My situation: I wish to study at a college or university in Houston (preferably IT, graphics, art, catering or firefighter training). I have a place to stay secured definately in Jones Creek, close to Houston. After my course is finished I want to stay for the holidays until my next course starts (yes I plan on continuing my education. Tourist Visa for the holidays maybe?). After continuing my education there, I want to end up with a job (guessing that requires a work visa). I eventually wish to apply for permanent residence in the states. I read somewhere where it said something along the lines of staying in the states for 5 years makes you eligable to apply for permanent residence, and I'm wondering if 5 years of education and work counts towards that, maybe even the holiday period between courses.

A simple step by step answer to my intension would be great. I don't mind an in-depth answer too however, the more I read the more I know. And knowing more cannot be a bad thing. 

Sorry for being so complicated, my knowledge on this subject isn't at all the best.

Daniel.


----------



## Bevdeforges (Nov 16, 2007)

Unfortunately, with anything connected with visas, a "simple" step by step doesn't really exist. Most countries visa laws are written in negative terms (i.e. "we can deny you a visa if..." not "we'll give you a visa if...") so you kind of have to learn while doing.

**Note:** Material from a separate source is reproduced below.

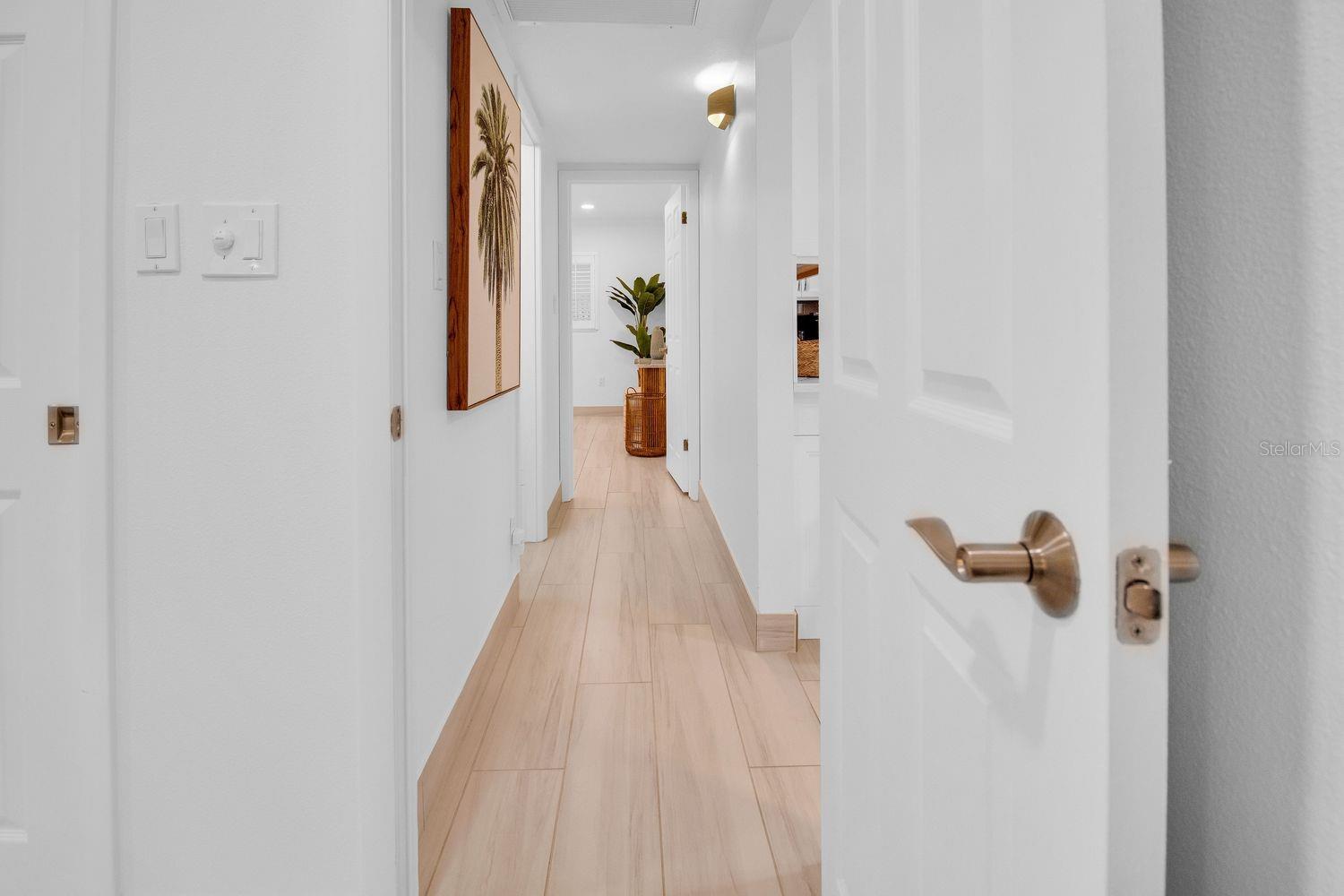 Image 20 of 33 For 454 63rd Street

For a student visa, contact the schools directly. You'll first have to go through the admissions process - they check your school results from the UK to determine if you meet their criteria and you may have to sit the SAT exams (which are given in the UK a couple of times a year).

Once you're admitted to a university program in the US, the school will set the visa process in motion (as they will be charged with tracking you while you're attending) and will probably be your best source of information. While you're attending the school, you will have to make satisfactory progress each semester (i.e. take a "full time" load of courses and pass enough of them to progress toward your degree). You can work part-time, but only on week-ends and during school holidays, and I'm not sure of the situation now, but it used to be that you were limited to working "student jobs" on campus. (Usually meant working in the school dining halls or in the student union facilities.)

Actually, getting in contact with the schools you are interested in attending might be the best way to get an idea of the overall process and what the various restrictions are. The schools generally have an entire department devoted to "international students" and they'll be thrilled to send you out their whole package of information if you just ask them. (Or have your "guardian" give them your address.)
Cheers,
Bev


----------